- [Extracted entries]:
* * * * * * * * *

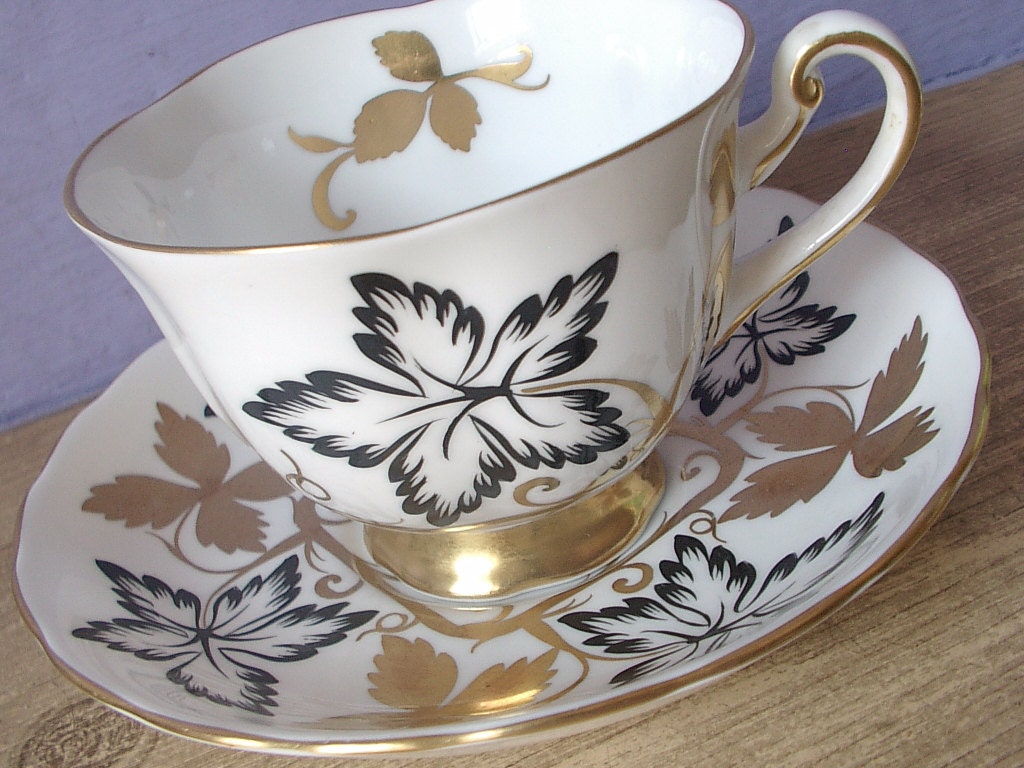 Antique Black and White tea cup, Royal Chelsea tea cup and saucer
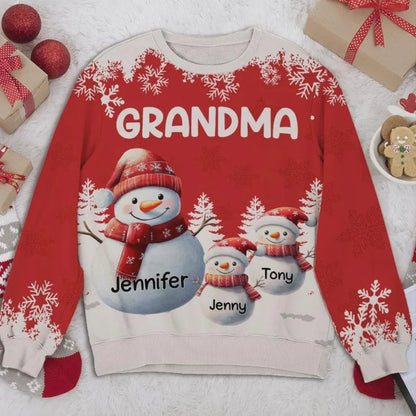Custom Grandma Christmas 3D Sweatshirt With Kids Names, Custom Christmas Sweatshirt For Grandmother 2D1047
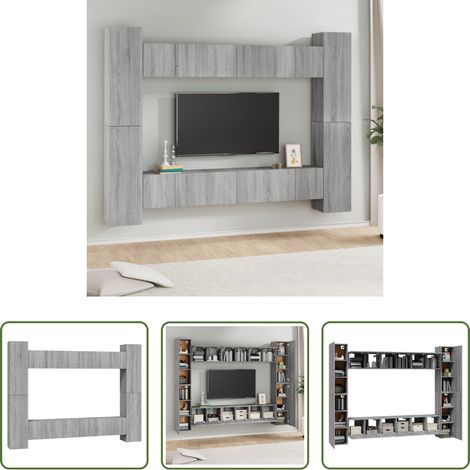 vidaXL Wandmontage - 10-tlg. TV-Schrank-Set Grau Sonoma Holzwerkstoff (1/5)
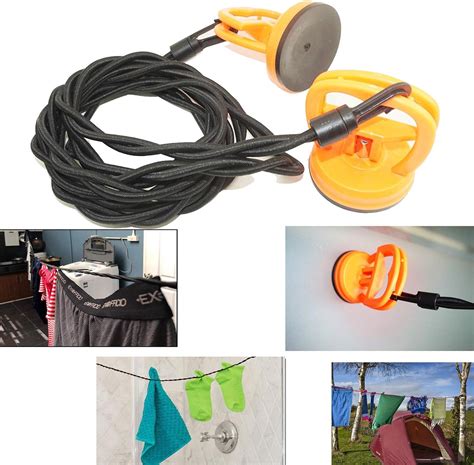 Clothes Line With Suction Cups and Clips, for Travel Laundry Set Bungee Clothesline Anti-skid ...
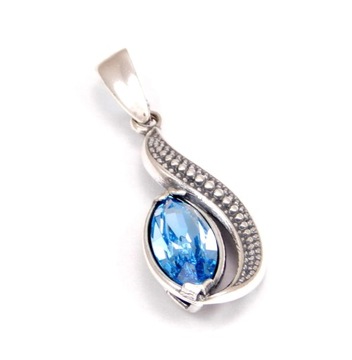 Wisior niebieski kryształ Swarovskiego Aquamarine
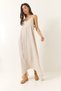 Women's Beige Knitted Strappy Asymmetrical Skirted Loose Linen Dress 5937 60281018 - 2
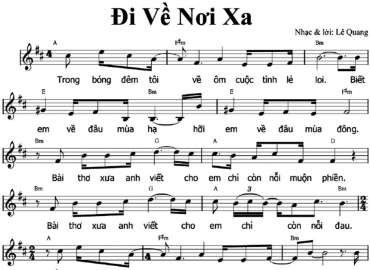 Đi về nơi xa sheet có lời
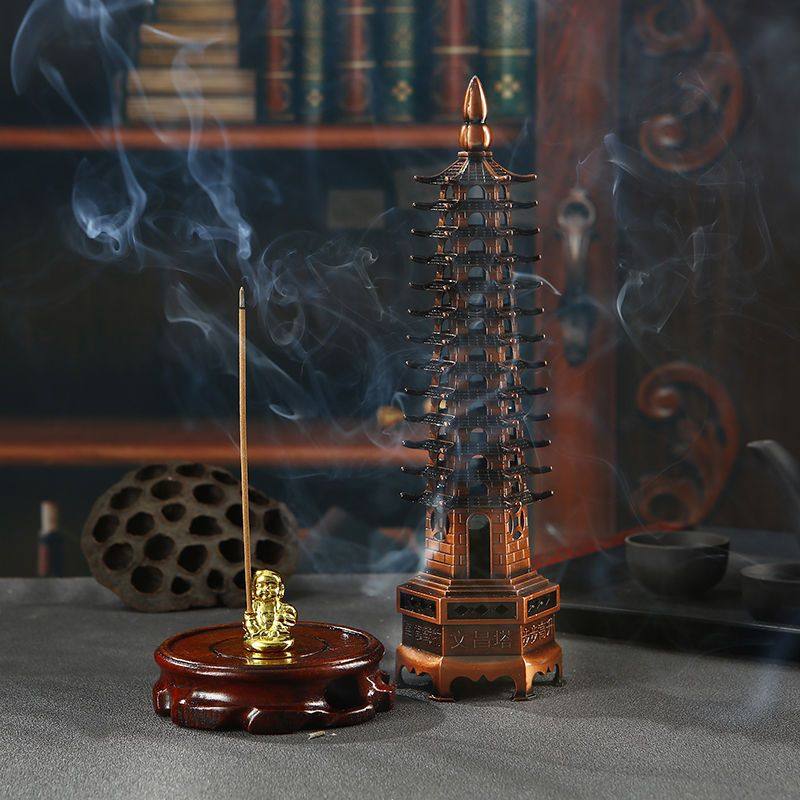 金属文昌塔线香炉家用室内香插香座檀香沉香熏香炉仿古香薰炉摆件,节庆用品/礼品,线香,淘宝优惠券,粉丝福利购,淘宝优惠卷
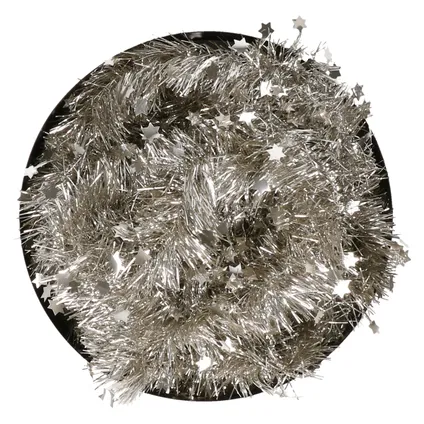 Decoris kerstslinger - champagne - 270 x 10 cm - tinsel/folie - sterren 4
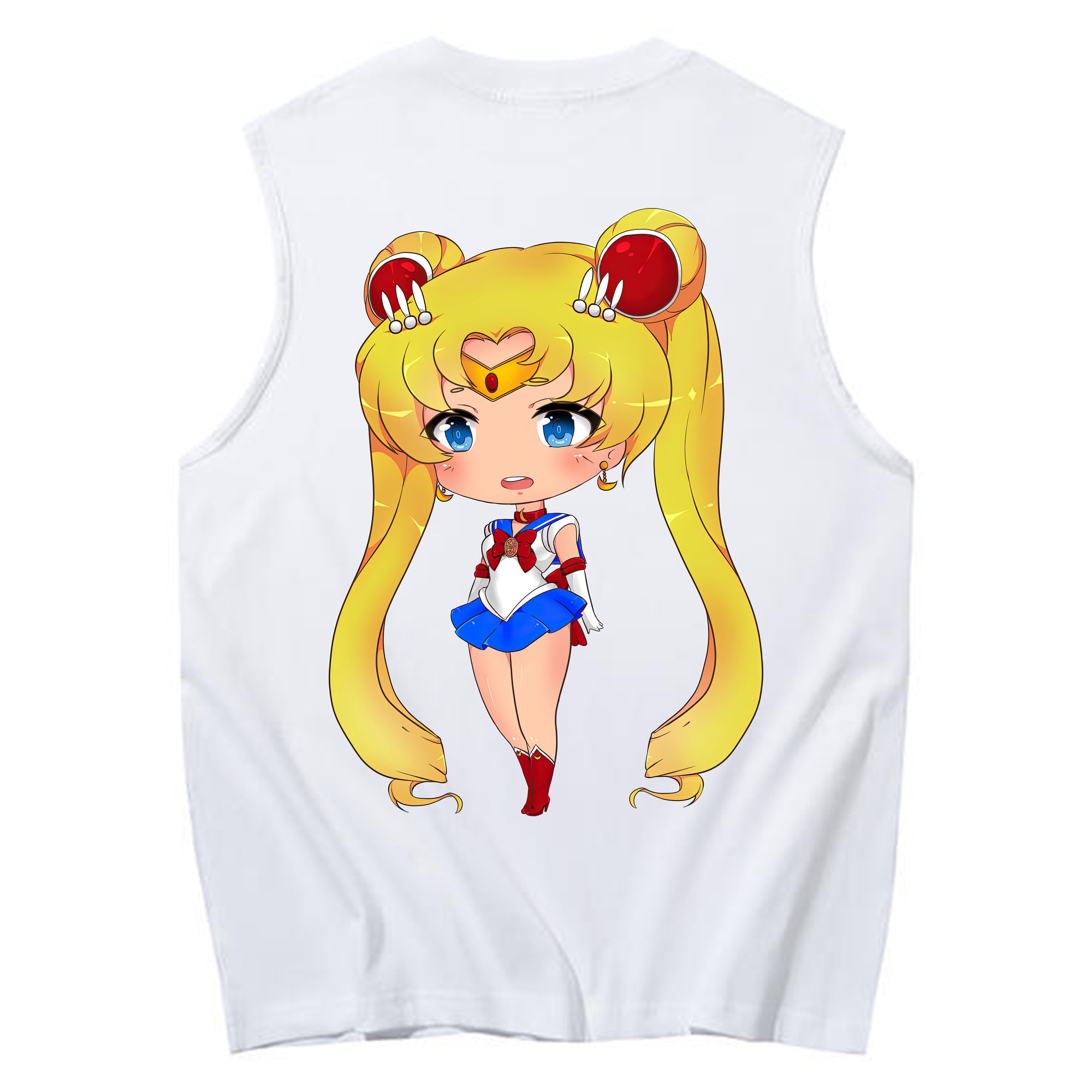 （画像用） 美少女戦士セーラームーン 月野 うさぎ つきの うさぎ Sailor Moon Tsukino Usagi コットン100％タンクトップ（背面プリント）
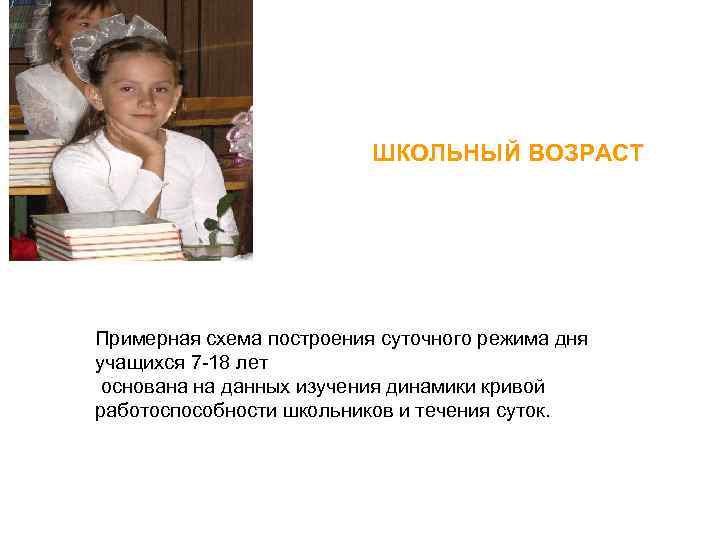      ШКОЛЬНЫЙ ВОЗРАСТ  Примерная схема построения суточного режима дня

* * * * * * * * *

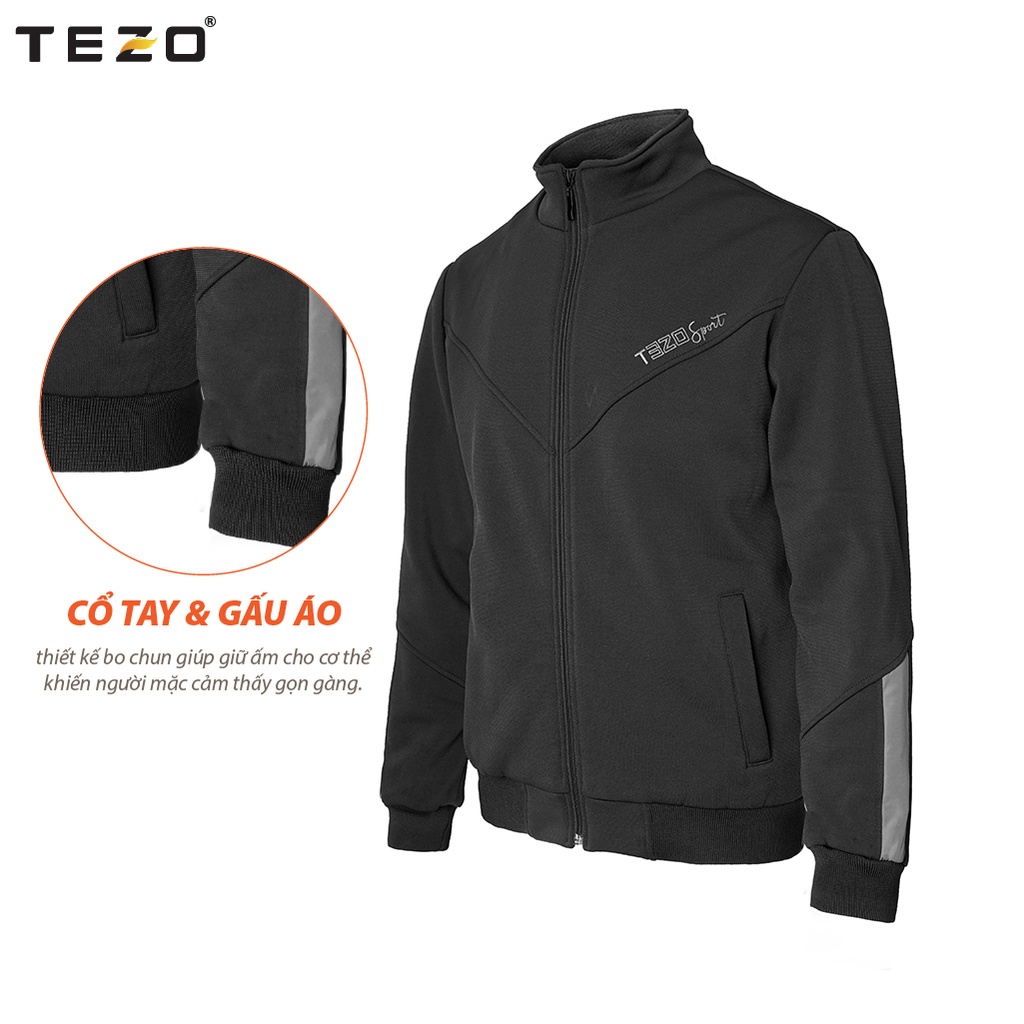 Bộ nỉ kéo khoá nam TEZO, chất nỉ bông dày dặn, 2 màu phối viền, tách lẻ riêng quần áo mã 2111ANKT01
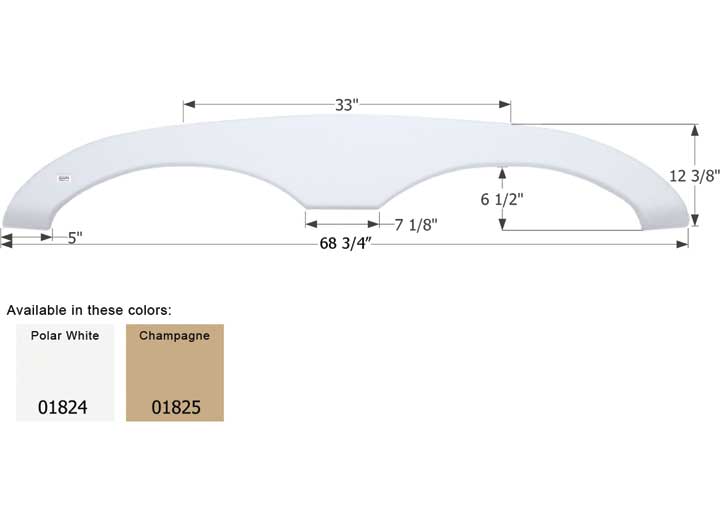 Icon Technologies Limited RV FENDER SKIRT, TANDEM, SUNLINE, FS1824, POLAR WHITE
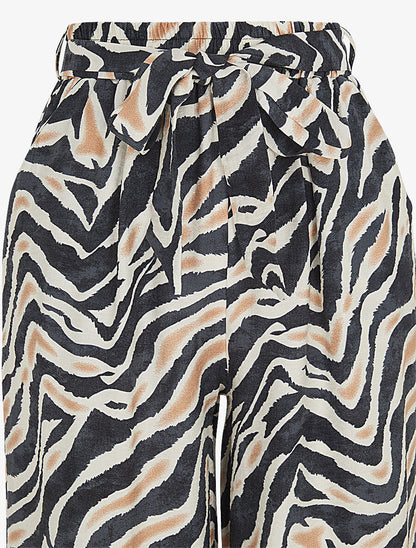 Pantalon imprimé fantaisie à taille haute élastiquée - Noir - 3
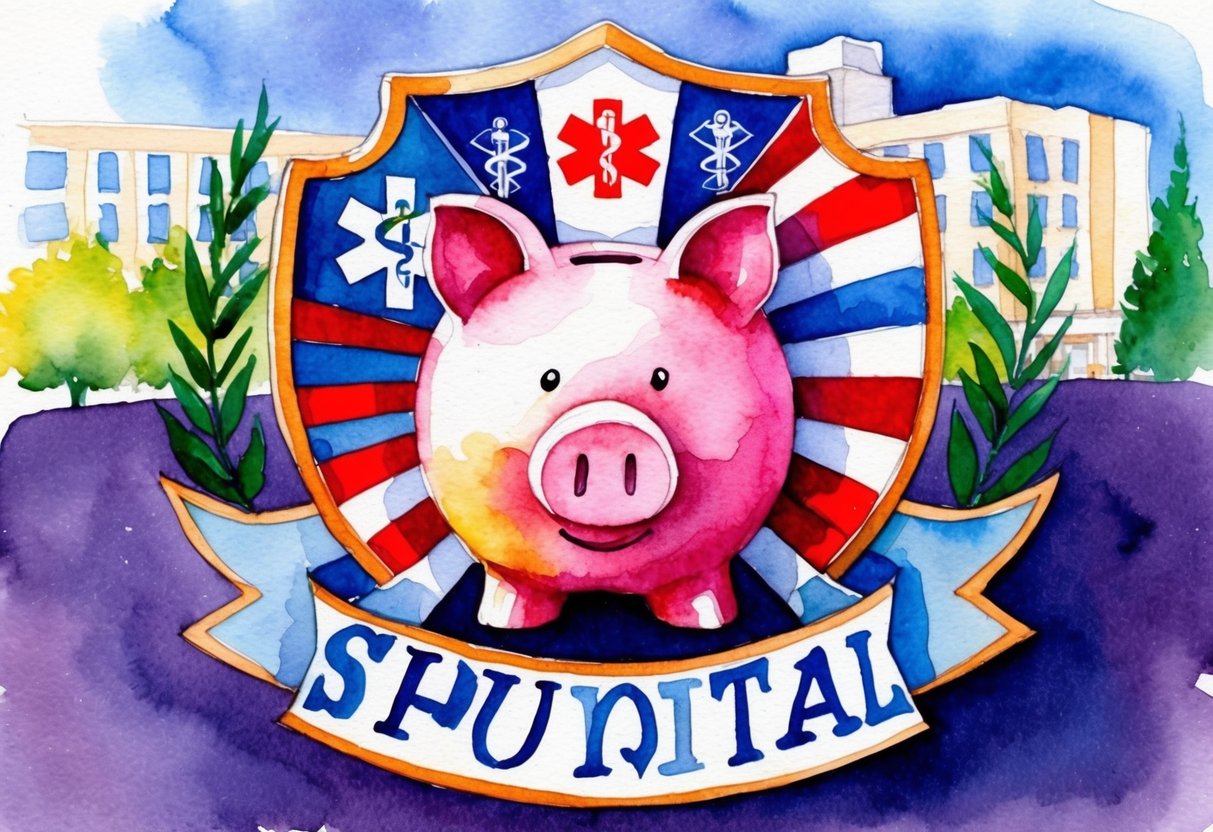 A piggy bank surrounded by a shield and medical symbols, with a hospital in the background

* * * * * * * * *

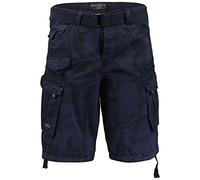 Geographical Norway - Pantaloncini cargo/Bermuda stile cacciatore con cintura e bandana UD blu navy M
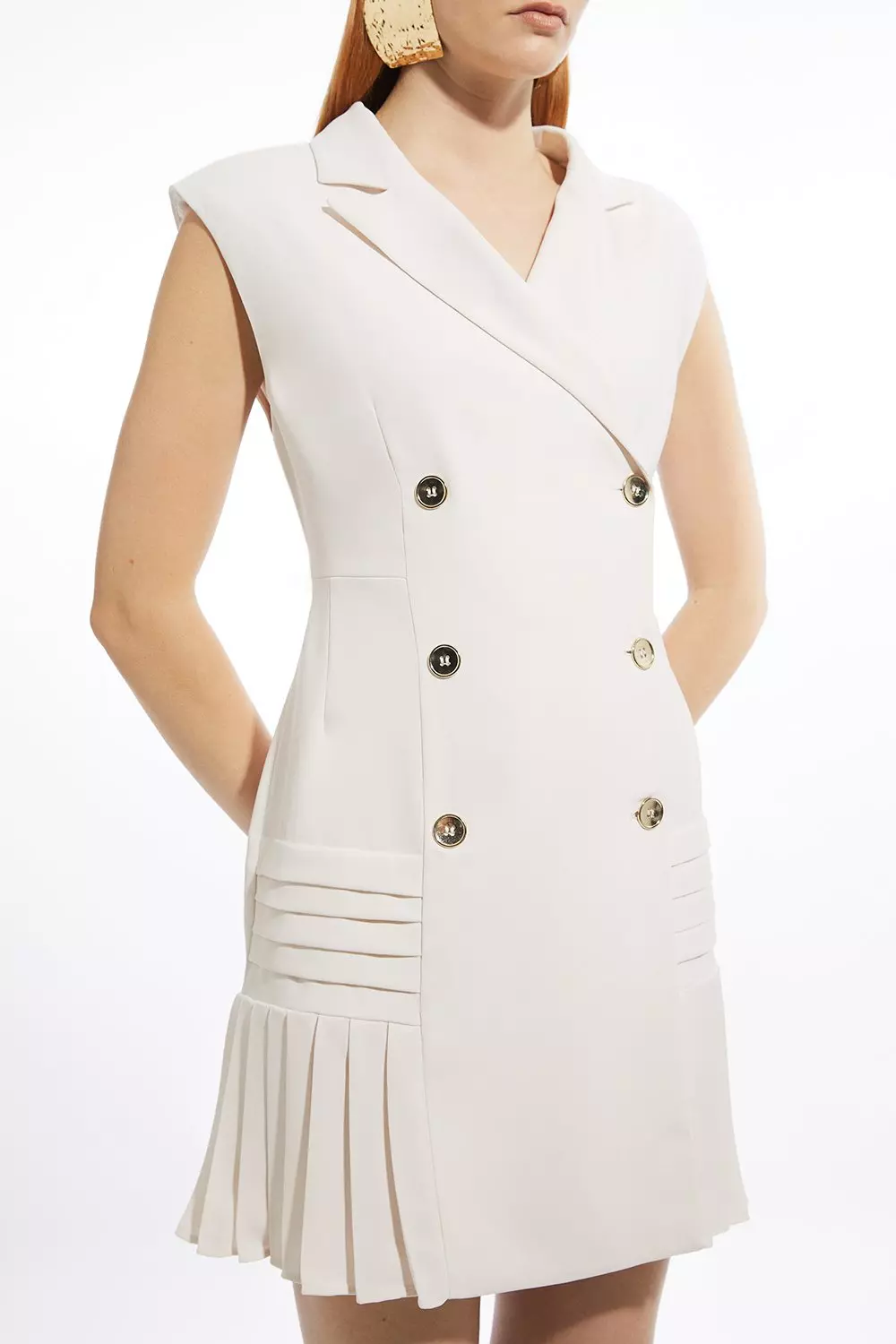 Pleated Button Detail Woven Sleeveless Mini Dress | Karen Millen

* * * * * * * * *

- [About this exercise]:
In the listing above, find the line with "Pantalon imprimé fantaisie" and the line with "A piggy bank". Transcribe those two and everything between, exactly, leaving out pictures.

- [Task solution]:
 Pantalon imprimé fantaisie à taille haute élastiquée - Noir - 3
 A piggy bank surrounded by a shield and medical symbols, with a hospital in the background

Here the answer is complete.